The ongoing debate about writing for free on various websites has been fascinating. I have a personal stake in the matter: I have written for free for a number of various high-profile websites (CNN, Salon, the Atlantic, Foreign Policy, Reuters, The Hill, The New York Times), and I’ve been paid to write for others (I am paid for my weekly column for PBS, for example).

At a basic level, I think the debate has focused far too much on one publication, The Atlantic. I have had a warm, constructive relationship with the editors there. Each one I’ve worked with has applied a sober eye for newsworthiness, and when they’ve cut up and offered substantive changes to my writing it’s been for the better. They are very good at what they do.

They also didn’t pay me. I accepted this arrangement willingly: when I worked for the American Security Project, part of my job was getting out our analysis, and our institutional perspective. ASP paid my salary, and ASP approved of my using my working hours to contribute to these websites. They bragged of it, in fact. So while these websites (and it’s important to keep that plural – The Atlantic is hardly the worst offender here) did not directly pay me, I was still compensated for my time by my salary at my think tank.

Not everyone has that luxury. And as I’ve moved on from ASP, I’ve also moved on from being willing to write for free. If you have paid close attention recently, then you’ve noticed the pace of my published writing has decreased significantly. That is what only writing for free does. It limits the available work. That’s life.

I am not defending the practice of offering people the chance to write for free. And in fact, my experience since choosing only to write for money has been instructive: I now believe you should never write for free*. The only place I write for free is on my own blog, which I consider to be promotional material for paid writing work anyways (and a place to muse in an unstructured way that isn’t publishable anyway). But it’s on my terms. I do my own exposure, and for what I need, it mostly works.

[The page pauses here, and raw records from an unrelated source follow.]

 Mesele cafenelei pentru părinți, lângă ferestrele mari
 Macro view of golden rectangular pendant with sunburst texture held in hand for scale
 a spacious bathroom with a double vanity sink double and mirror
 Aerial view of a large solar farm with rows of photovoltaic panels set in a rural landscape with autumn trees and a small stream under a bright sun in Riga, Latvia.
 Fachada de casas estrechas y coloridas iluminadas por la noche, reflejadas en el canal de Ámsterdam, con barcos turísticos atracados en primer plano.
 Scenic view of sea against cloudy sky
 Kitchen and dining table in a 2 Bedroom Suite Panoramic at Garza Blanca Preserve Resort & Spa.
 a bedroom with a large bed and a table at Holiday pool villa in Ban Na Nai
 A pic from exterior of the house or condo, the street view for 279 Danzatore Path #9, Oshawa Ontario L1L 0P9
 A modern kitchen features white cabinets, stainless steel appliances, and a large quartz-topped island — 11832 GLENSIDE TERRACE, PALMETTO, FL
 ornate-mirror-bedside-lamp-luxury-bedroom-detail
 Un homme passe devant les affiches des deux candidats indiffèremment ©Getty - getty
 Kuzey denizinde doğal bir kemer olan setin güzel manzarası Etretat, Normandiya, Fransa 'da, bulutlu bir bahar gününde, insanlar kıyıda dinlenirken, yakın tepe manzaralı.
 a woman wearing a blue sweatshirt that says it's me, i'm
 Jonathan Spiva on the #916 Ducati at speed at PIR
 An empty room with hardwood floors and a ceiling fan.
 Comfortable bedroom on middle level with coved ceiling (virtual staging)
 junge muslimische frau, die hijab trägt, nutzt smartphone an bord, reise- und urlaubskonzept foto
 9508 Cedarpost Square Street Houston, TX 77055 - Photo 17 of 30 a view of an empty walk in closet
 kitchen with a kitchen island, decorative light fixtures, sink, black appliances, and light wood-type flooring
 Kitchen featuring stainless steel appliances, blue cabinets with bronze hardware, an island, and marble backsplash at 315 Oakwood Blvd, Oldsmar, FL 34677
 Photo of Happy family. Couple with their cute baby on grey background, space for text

Here’s the thing: if you value yourself, you should not write for free either. In hindsight, I was still getting a raw deal at The Atlantic. I wrote my weekly column for PBS during my time at ASP as well… and PBS paid me. Even though it was part of my job, PBS valued my writing and so they paid me for it. And I’ve honored them by writing for them first when I have an idea. Through years of this fruitful collaboration, they’ve earned first dibs on any writing idea I have, and it’s benefitted them greatly as well.

The Atlantic did not pay me, and as a result I did not write for them very often as I could have. It was their loss. When I did — contrary to their public insistence that freelancers don’t drive traffic — my pieces received hundreds of shares on Facebook and generated hundreds of comments. I’m not exaggerating, either: piece after piece generated substantial amounts of sharing activity the editors of any website would be thrilled to see.

I don’t harbor any anger toward the Atlantic for not paying me. I wrote for them knowing I wouldn’t get paid and if I’m honest: I have benefitted from the exposure they provided to me.

But that doesn’t make it right, or fair. In hindsight, I should have been paid for those pieces. I worked hard on them, they were substantive and more structured than a quick one-off blog post, and they generated a lot of discussion: they were everything a magazine should want on its website.

I’ve chosen to take this as a learning experience. People my age and younger are told, at length, that we must work for free for increasingly long periods of our 20s on the off chance that we might get paid later in life. This is a vicious lie.

The simple truth is: good writing is worth paying for. Bad writing is not. If no one will pay you for your writing, find someone who will. It may not be who you want. But it will have value.

I will not write for someone else for free ever again. I value my time and myself, and no one is entitled to either without paying me fairly for it. And I hope I can write for the Atlantic again soon… if they’re willing to pay me for it.

Let me end with this piece of advice: writers, if you do not like writing for free, then don’t. “Exposure,” though not without value, is not sufficient payment. You’ll get exposure whether you’re paid or not. So choose to get paid. Spend your time wisely, and for someone who will respect it by paying you for it.

*There are, of course, mitigating circumstances. Writing a quick blogpost for the New York Times, for example, was worth the exposure and addition to my CV, even though they didn’t pay me for that. They have, however, paid me for every op-ed I’ve published with them.